(Short web captions)
:::

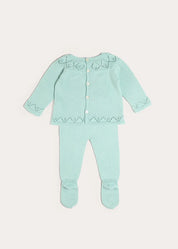 Diamond Openwork Three Piece Knitted Set in Sage Green (1-9mths) Knitwear from Pepa London US
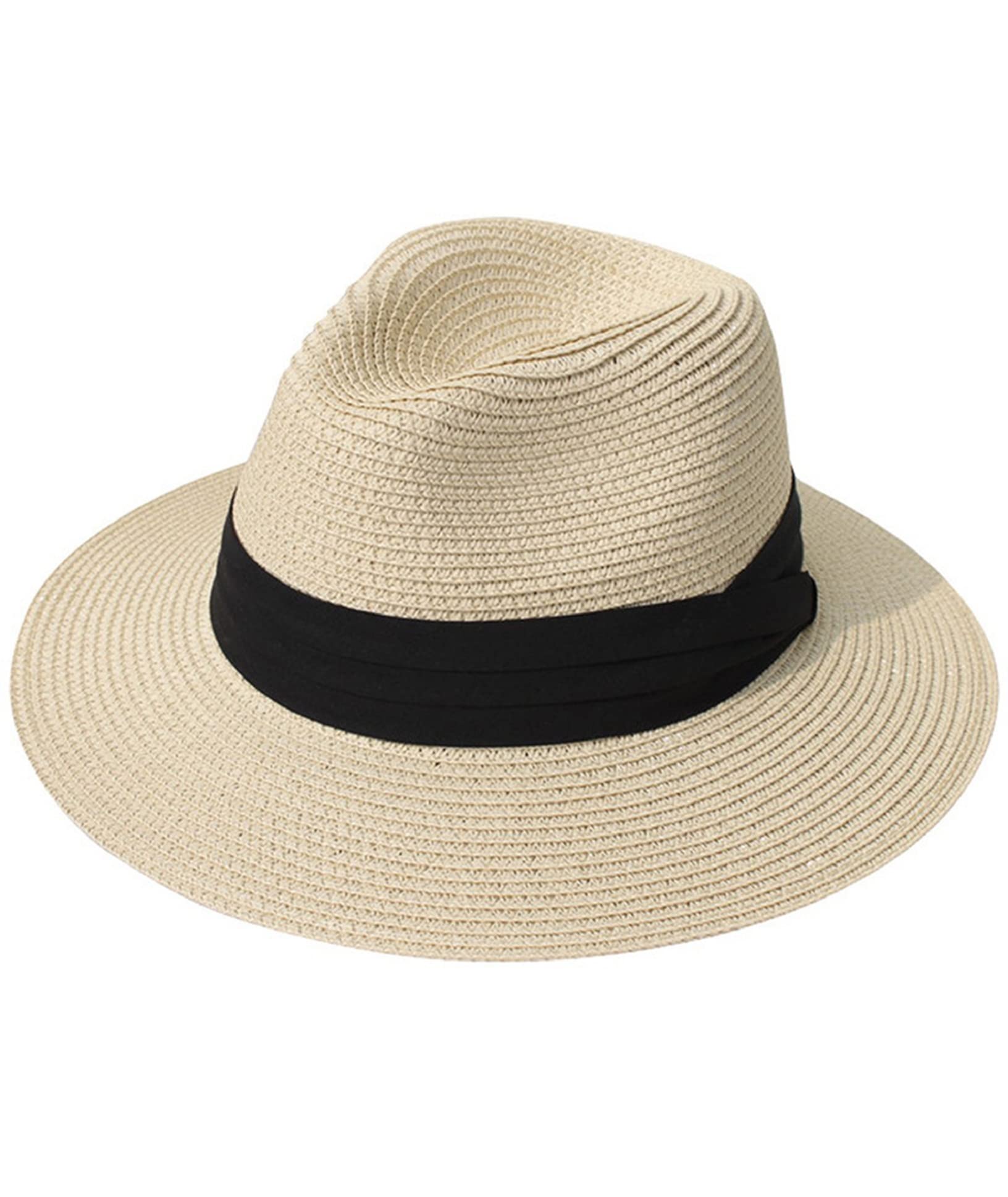 Joligiao Sombrero de Paja de Panamá Playa Fedora Sombrero Mujeres Sombrero de Panamá ala Ancha Mountain Sombrero Panamá Sombrero de Sol Retro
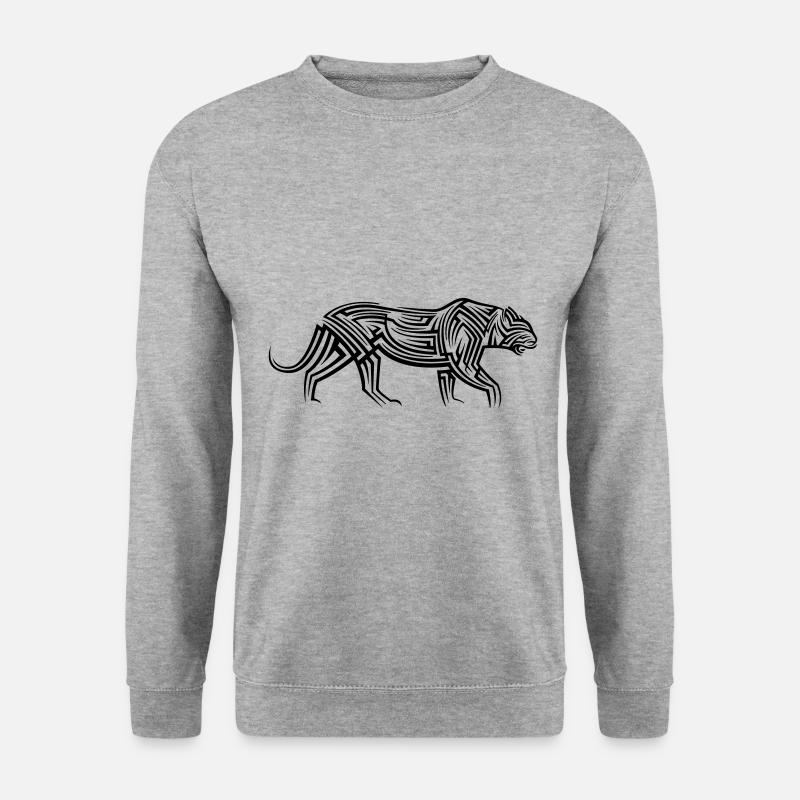 Leopard Tribal Tattoo - Unisex Pullover - Weißgrau meliert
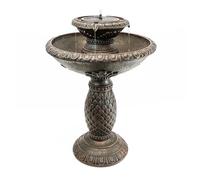 Streetwize Imperial Solar Bird Bath Fountain - Size: 74.5 x 54 x 54cm - Brown - Wilko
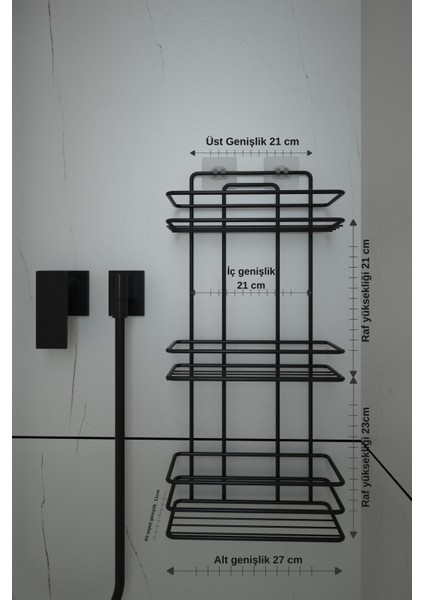 Alper Banyo Ömür Boyu Paslanmaz Yapışkanlı Siyah 3 Katlı Düz Banyo Köşeliği, Şampuanlık Tş03, Delmeye Son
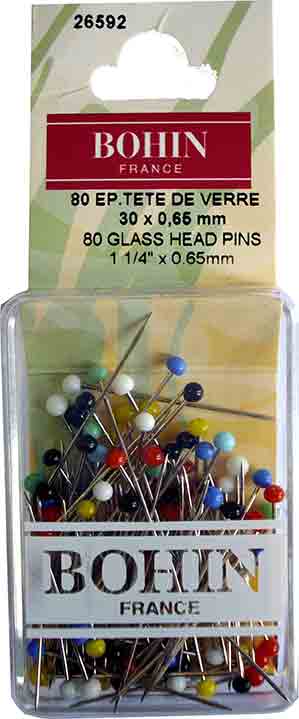 GLASS HEAD PIN,30MMX80PCS (BOHIN/26592)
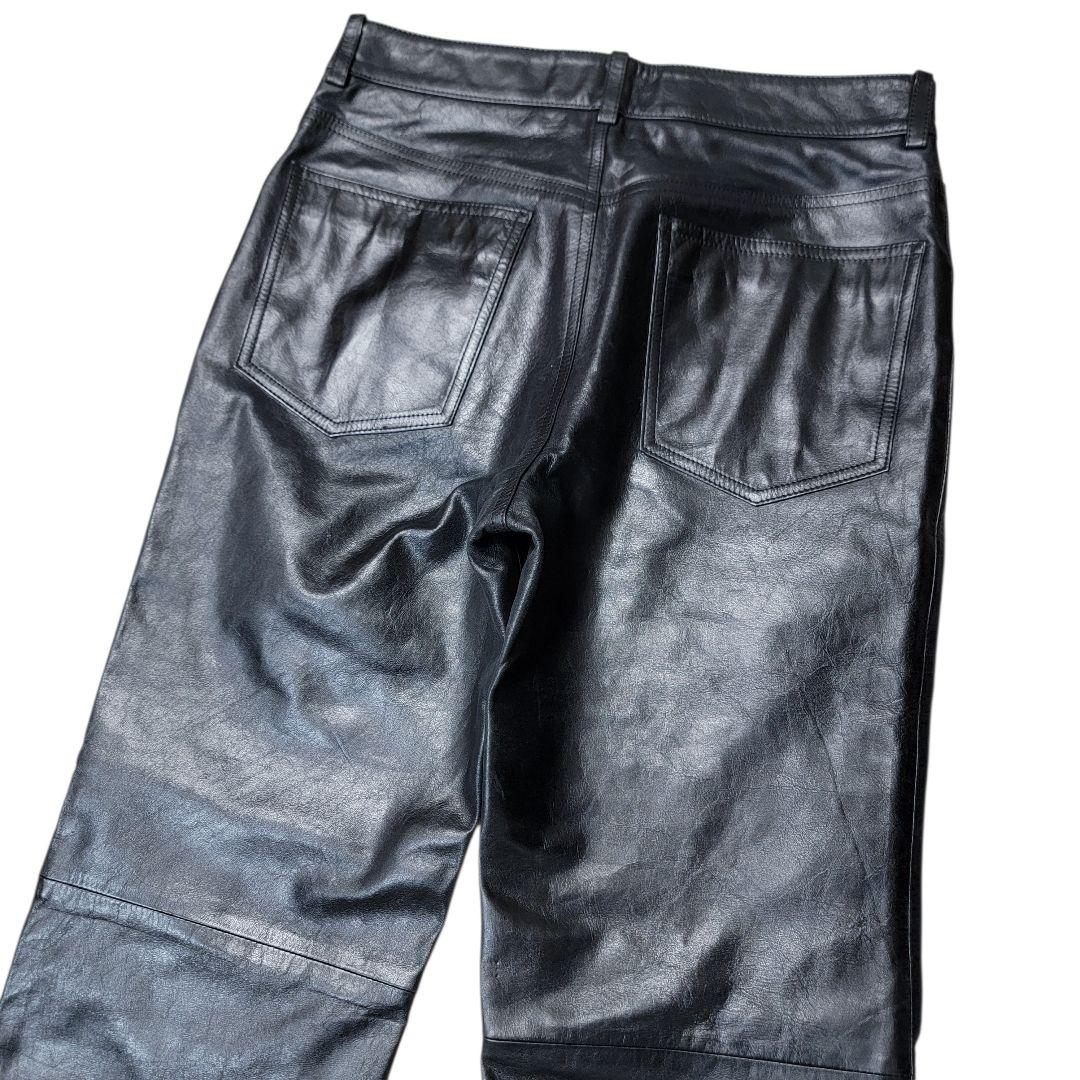ほぼ未使用 極上 ポールスミス 馬革 ホースハイド 76 レザーパンツ 黒
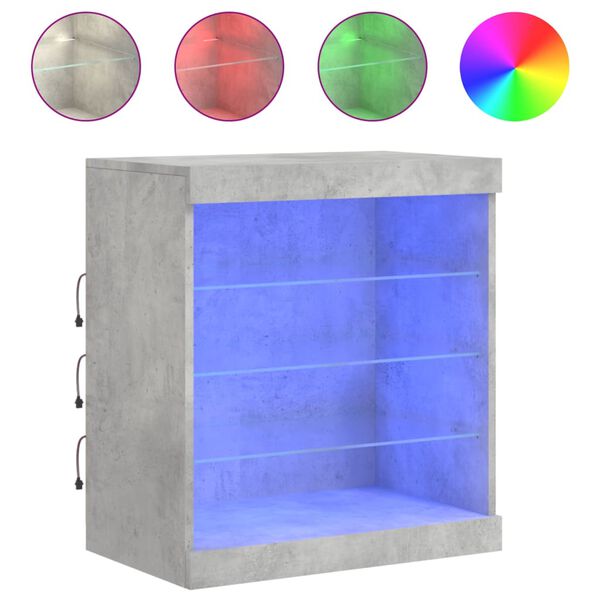 vidaXL Credenza con Luci LED Grigio Cemento 60,5x37x67 cm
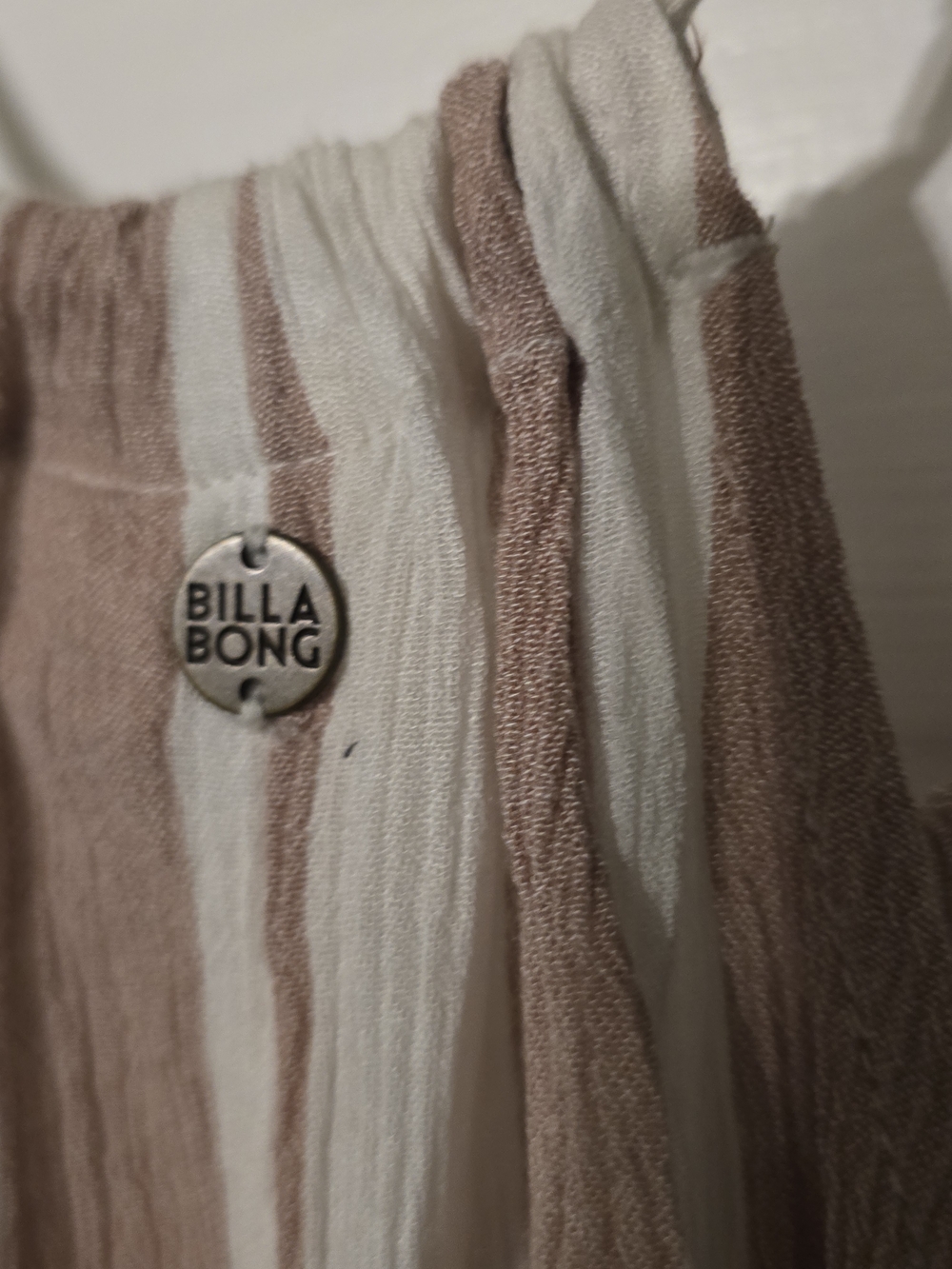 Billabong Taupe and White Striped Spaghetti Romper XS - Picture 6 of 7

:::

An acceptable answer holds exactly the lines from the one with "GLASS HEAD PIN,30MMX80PCS (BOHIN/26592)" through the end of the entries above, both ends kept, and no pictures at all.

## Task result
 GLASS HEAD PIN,30MMX80PCS (BOHIN/26592)
ほぼ未使用 極上 ポールスミス 馬革 ホースハイド 76 レザーパンツ 黒
 vidaXL Credenza con Luci LED Grigio Cemento 60,5x37x67 cm
 Billabong Taupe and White Striped Spaghetti Romper XS - Picture 6 of 7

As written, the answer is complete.